A few years later, in 1968, José Feliciano slid the song onto his record Feliciano as an album track, and in 1972, a couple of years after Greaves recorded his version, Michael McDonald recorded the song for his first album, a little-known artifact called That Was Then. Neither version reached the Top 40, and neither seems to be anything special, though I like the Feliciano version better of the two. (The McDonald album was recently released in a CD package with some extra tracks; I have utterly forgotten who pointed it my way, but they deserve my thanks.)

Finally, the last version in my collection is the one that most recently reached the Top 40 chart: the 1983 cover of the song by Naked Eyes, with the attention-grabbing chiming bells in the introduction. The record, which I quite like – though I was prepared not to when I first heard it – went to No. 8 and spent thirteen weeks in the Top 40, the first – and best-performing – of four Top 40 hits for the English duo.

There are of course, many others who’ve covered “(There’s) Always Something There To Remind Me.” Some of them are: Affinity, the Drifters, Carol Duboc, the Four Seasons, Aretha Franklin, Jay & The Americans, Larry Knechtel, Patti LaBelle, Brenda Lee, Peggy Lee, Anne Murray, Willie Nelson, the Pozo-Seco Singers, the Stylistics, Stanley Turrentine, Dionne Warwick and Don Williams.

I’ll likely dig a few of those up in the future. (The idea of the Aretha cover of the song intrigues me.) But these six will have to do for now:

A Six-Pack Of Reminders
“Always Something There To Remind Me” by Sandie Shaw, Pye 15704 (UK) [1964]
“(There’s) Always Something There To Remind Me” by Lou Johnson, Big Hill 552 [1964]
“(There’s) Always Something There To Remind Me” by José Feliciano from Feliciano! [1968]
“Always Something There To Remind Me” by Michael McDonald from That Was Then [1972]
“Always Something There To Remind Me” by R.B. Greaves, Atco 6726 [1970]
“Always Something There To Remind Me” by Naked Eyes, EMI America 8155 [1983]

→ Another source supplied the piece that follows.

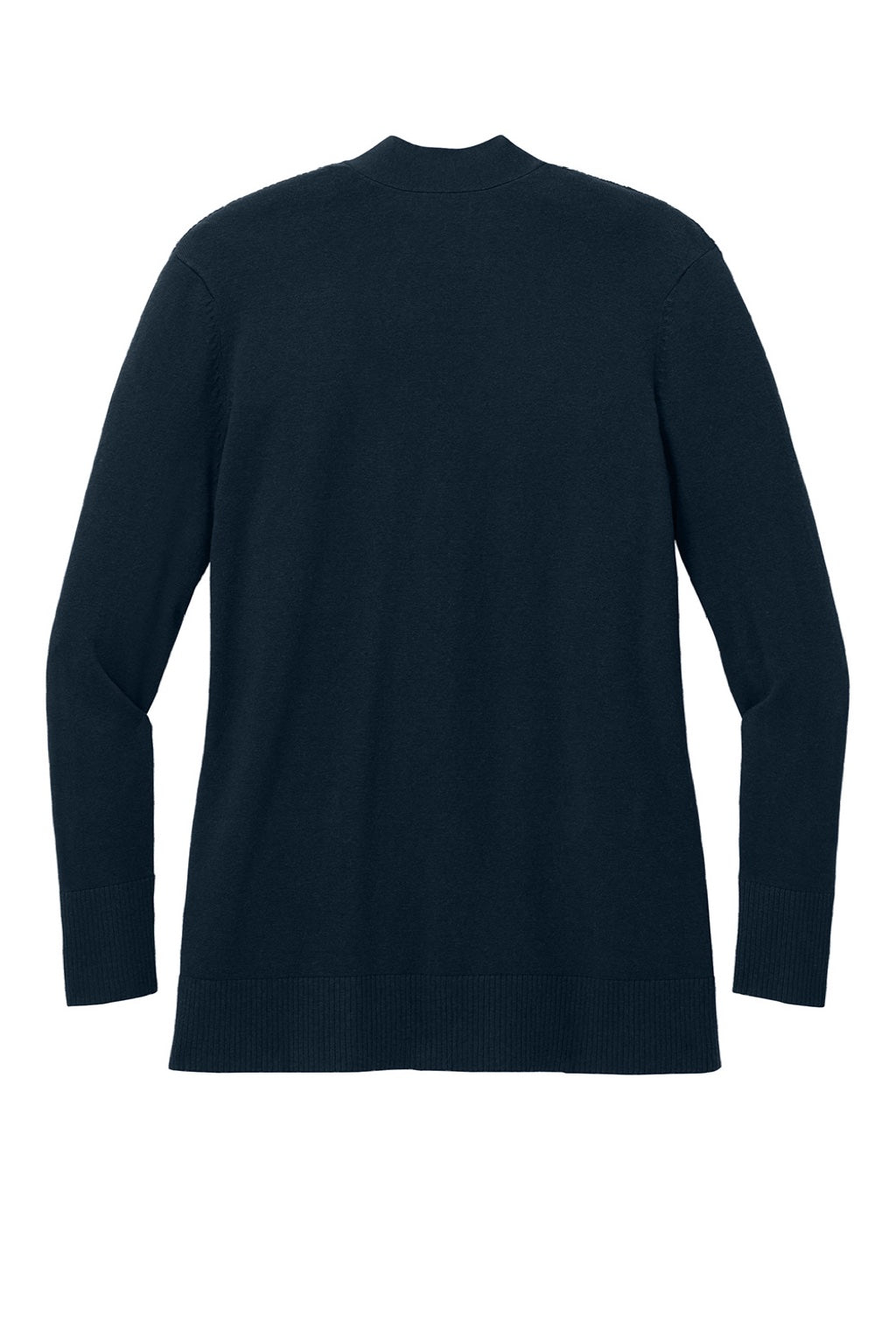 Port Authority LSW2890 Womens Easy Care Open Front Long Sleeve Cardigan Sweater w/ Pockets River Navy Blue Flat Back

Afternote: I read Oldetymer’s note, and yes, the McDonald track does sound like B.J. Thomas. I admit to wondering about it myself, as it was an extra track in the That Was Then package someone posted for me. So I did some digging, and it turns, according to what I learned at An Overdose of Fingal Cocoa, that McDonald recorded some tracks for Bell Records in 1972 that were eventually released on Arista in 1982 as That Was Then. A later re-release on vinyl included some bonus tracks, one of which was “Always Something There To Remind Me.” So it is in fact a young Michael McDonald.